= ENTRIES SHOWN =
□ □ □ □ □ □ □

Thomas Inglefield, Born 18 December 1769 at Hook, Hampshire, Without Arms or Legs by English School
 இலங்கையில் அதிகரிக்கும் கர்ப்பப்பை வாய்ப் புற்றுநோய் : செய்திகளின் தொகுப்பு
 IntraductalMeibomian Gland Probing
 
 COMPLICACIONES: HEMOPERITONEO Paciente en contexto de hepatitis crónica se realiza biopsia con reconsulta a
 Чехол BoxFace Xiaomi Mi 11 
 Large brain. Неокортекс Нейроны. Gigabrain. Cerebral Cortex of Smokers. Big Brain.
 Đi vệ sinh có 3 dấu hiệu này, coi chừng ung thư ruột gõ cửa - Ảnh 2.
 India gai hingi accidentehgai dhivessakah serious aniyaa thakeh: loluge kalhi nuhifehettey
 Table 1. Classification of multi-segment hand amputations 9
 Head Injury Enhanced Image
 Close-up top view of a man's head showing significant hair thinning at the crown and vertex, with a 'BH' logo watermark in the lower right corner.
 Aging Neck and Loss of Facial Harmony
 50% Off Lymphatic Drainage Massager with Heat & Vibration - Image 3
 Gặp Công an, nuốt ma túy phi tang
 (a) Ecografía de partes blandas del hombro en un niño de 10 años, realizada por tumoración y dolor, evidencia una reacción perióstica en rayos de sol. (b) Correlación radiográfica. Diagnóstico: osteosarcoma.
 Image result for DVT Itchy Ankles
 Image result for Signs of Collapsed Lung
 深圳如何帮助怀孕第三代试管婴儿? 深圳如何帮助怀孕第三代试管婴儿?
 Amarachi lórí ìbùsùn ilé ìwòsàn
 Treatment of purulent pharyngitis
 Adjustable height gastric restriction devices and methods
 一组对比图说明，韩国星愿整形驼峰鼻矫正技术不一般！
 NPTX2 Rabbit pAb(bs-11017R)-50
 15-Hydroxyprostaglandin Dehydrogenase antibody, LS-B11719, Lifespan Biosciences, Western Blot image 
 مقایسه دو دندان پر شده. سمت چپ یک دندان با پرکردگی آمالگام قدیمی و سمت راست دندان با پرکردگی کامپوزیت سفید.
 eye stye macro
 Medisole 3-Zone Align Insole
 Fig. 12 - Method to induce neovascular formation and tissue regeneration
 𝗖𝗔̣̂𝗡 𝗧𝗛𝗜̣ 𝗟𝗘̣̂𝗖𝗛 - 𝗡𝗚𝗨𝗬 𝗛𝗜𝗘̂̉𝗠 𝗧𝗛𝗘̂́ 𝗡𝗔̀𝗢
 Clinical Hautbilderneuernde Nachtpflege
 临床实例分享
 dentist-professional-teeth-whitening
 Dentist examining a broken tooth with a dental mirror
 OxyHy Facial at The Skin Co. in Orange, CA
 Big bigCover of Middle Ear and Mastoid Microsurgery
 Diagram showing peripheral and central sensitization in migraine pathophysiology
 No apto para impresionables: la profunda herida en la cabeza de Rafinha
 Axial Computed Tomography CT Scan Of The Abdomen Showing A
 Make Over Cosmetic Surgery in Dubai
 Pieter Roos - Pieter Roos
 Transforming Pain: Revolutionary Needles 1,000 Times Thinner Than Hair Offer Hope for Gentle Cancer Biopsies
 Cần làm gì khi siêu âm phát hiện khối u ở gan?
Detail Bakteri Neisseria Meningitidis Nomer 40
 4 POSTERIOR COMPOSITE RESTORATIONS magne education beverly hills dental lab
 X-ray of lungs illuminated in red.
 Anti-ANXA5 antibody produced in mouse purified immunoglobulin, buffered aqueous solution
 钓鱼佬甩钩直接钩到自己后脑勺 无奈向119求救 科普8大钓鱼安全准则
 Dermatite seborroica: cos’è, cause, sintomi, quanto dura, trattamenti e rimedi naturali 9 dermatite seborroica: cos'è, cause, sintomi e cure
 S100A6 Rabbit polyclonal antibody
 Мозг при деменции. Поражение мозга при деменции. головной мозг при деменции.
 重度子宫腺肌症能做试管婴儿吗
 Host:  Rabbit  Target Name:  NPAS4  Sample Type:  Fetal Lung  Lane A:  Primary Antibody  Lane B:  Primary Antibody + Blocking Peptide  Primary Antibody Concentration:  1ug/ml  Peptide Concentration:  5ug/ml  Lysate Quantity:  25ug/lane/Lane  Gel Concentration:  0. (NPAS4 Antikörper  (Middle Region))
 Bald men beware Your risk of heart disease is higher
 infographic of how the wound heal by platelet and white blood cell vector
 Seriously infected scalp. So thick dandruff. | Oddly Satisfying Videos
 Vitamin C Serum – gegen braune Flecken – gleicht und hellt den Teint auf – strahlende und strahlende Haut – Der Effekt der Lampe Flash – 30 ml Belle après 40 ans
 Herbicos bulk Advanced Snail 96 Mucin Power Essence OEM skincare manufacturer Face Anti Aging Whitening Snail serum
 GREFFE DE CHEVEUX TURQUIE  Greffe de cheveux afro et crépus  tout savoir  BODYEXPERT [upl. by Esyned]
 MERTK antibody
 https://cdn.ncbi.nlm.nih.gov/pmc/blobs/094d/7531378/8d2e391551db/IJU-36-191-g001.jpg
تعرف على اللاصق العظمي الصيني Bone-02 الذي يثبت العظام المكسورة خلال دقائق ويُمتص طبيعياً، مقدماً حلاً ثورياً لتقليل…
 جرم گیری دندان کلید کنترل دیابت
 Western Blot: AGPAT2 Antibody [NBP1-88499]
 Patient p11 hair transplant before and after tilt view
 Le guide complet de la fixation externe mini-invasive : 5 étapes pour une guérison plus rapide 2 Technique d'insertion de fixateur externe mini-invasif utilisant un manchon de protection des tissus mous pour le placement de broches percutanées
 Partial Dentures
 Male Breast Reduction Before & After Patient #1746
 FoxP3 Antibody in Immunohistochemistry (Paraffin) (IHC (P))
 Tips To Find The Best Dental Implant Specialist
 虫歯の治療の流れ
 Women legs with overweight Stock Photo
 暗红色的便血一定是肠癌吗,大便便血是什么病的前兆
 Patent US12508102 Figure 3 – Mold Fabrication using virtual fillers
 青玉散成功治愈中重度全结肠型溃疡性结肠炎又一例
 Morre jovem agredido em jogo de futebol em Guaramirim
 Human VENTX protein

□ □ □ □ □ □ □

= ACTIVITY =
Reproduce every record above, word for word.

= EXERCISE ANSWER =
Thomas Inglefield, Born 18 December 1769 at Hook, Hampshire, Without Arms or Legs by English School
 இலங்கையில் அதிகரிக்கும் கர்ப்பப்பை வாய்ப் புற்றுநோய் : செய்திகளின் தொகுப்பு
 IntraductalMeibomian Gland Probing
 
 COMPLICACIONES: HEMOPERITONEO Paciente en contexto de hepatitis crónica se realiza biopsia con reconsulta a
 Чехол BoxFace Xiaomi Mi 11 
 Large brain. Неокортекс Нейроны. Gigabrain. Cerebral Cortex of Smokers. Big Brain.
 Đi vệ sinh có 3 dấu hiệu này, coi chừng ung thư ruột gõ cửa - Ảnh 2.
 India gai hingi accidentehgai dhivessakah serious aniyaa thakeh: loluge kalhi nuhifehettey
 Table 1. Classification of multi-segment hand amputations 9
 Head Injury Enhanced Image
 Close-up top view of a man's head showing significant hair thinning at the crown and vertex, with a 'BH' logo watermark in the lower right corner.
 Aging Neck and Loss of Facial Harmony
 50% Off Lymphatic Drainage Massager with Heat & Vibration - Image 3
 Gặp Công an, nuốt ma túy phi tang
 (a) Ecografía de partes blandas del hombro en un niño de 10 años, realizada por tumoración y dolor, evidencia una reacción perióstica en rayos de sol. (b) Correlación radiográfica. Diagnóstico: osteosarcoma.
 Image result for DVT Itchy Ankles
 Image result for Signs of Collapsed Lung
 深圳如何帮助怀孕第三代试管婴儿? 深圳如何帮助怀孕第三代试管婴儿?
 Amarachi lórí ìbùsùn ilé ìwòsàn
 Treatment of purulent pharyngitis
 Adjustable height gastric restriction devices and methods
 一组对比图说明，韩国星愿整形驼峰鼻矫正技术不一般！
 NPTX2 Rabbit pAb(bs-11017R)-50
 15-Hydroxyprostaglandin Dehydrogenase antibody, LS-B11719, Lifespan Biosciences, Western Blot image 
 مقایسه دو دندان پر شده. سمت چپ یک دندان با پرکردگی آمالگام قدیمی و سمت راست دندان با پرکردگی کامپوزیت سفید.
 eye stye macro
 Medisole 3-Zone Align Insole
 Fig. 12 - Method to induce neovascular formation and tissue regeneration
 𝗖𝗔̣̂𝗡 𝗧𝗛𝗜̣ 𝗟𝗘̣̂𝗖𝗛 - 𝗡𝗚𝗨𝗬 𝗛𝗜𝗘̂̉𝗠 𝗧𝗛𝗘̂́ 𝗡𝗔̀𝗢
 Clinical Hautbilderneuernde Nachtpflege
 临床实例分享
 dentist-professional-teeth-whitening
 Dentist examining a broken tooth with a dental mirror
 OxyHy Facial at The Skin Co. in Orange, CA
 Big bigCover of Middle Ear and Mastoid Microsurgery
 Diagram showing peripheral and central sensitization in migraine pathophysiology
 No apto para impresionables: la profunda herida en la cabeza de Rafinha
 Axial Computed Tomography CT Scan Of The Abdomen Showing A
 Make Over Cosmetic Surgery in Dubai
 Pieter Roos - Pieter Roos
 Transforming Pain: Revolutionary Needles 1,000 Times Thinner Than Hair Offer Hope for Gentle Cancer Biopsies
 Cần làm gì khi siêu âm phát hiện khối u ở gan?
Detail Bakteri Neisseria Meningitidis Nomer 40
 4 POSTERIOR COMPOSITE RESTORATIONS magne education beverly hills dental lab
 X-ray of lungs illuminated in red.
 Anti-ANXA5 antibody produced in mouse purified immunoglobulin, buffered aqueous solution
 钓鱼佬甩钩直接钩到自己后脑勺 无奈向119求救 科普8大钓鱼安全准则
 Dermatite seborroica: cos’è, cause, sintomi, quanto dura, trattamenti e rimedi naturali 9 dermatite seborroica: cos'è, cause, sintomi e cure
 S100A6 Rabbit polyclonal antibody
 Мозг при деменции. Поражение мозга при деменции. головной мозг при деменции.
 重度子宫腺肌症能做试管婴儿吗
 Host:  Rabbit  Target Name:  NPAS4  Sample Type:  Fetal Lung  Lane A:  Primary Antibody  Lane B:  Primary Antibody + Blocking Peptide  Primary Antibody Concentration:  1ug/ml  Peptide Concentration:  5ug/ml  Lysate Quantity:  25ug/lane/Lane  Gel Concentration:  0. (NPAS4 Antikörper  (Middle Region))
 Bald men beware Your risk of heart disease is higher
 infographic of how the wound heal by platelet and white blood cell vector
 Seriously infected scalp. So thick dandruff. | Oddly Satisfying Videos
 Vitamin C Serum – gegen braune Flecken – gleicht und hellt den Teint auf – strahlende und strahlende Haut – Der Effekt der Lampe Flash – 30 ml Belle après 40 ans
 Herbicos bulk Advanced Snail 96 Mucin Power Essence OEM skincare manufacturer Face Anti Aging Whitening Snail serum
 GREFFE DE CHEVEUX TURQUIE  Greffe de cheveux afro et crépus  tout savoir  BODYEXPERT [upl. by Esyned]
 MERTK antibody
 https://cdn.ncbi.nlm.nih.gov/pmc/blobs/094d/7531378/8d2e391551db/IJU-36-191-g001.jpg
تعرف على اللاصق العظمي الصيني Bone-02 الذي يثبت العظام المكسورة خلال دقائق ويُمتص طبيعياً، مقدماً حلاً ثورياً لتقليل…
 جرم گیری دندان کلید کنترل دیابت
 Western Blot: AGPAT2 Antibody [NBP1-88499]
 Patient p11 hair transplant before and after tilt view
 Le guide complet de la fixation externe mini-invasive : 5 étapes pour une guérison plus rapide 2 Technique d'insertion de fixateur externe mini-invasif utilisant un manchon de protection des tissus mous pour le placement de broches percutanées
 Partial Dentures
 Male Breast Reduction Before & After Patient #1746
 FoxP3 Antibody in Immunohistochemistry (Paraffin) (IHC (P))
 Tips To Find The Best Dental Implant Specialist
 虫歯の治療の流れ
 Women legs with overweight Stock Photo
 暗红色的便血一定是肠癌吗,大便便血是什么病的前兆
 Patent US12508102 Figure 3 – Mold Fabrication using virtual fillers
 青玉散成功治愈中重度全结肠型溃疡性结肠炎又一例
 Morre jovem agredido em jogo de futebol em Guaramirim
 Human VENTX protein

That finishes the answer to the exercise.